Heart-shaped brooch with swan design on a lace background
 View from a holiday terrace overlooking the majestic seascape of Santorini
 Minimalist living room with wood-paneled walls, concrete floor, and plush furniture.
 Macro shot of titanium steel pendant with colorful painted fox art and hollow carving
***
The full material above needs to be returned unaltered.

Heart-shaped brooch with swan design on a lace background
 View from a holiday terrace overlooking the majestic seascape of Santorini
 Minimalist living room with wood-paneled walls, concrete floor, and plush furniture.
 Macro shot of titanium steel pendant with colorful painted fox art and hollow carving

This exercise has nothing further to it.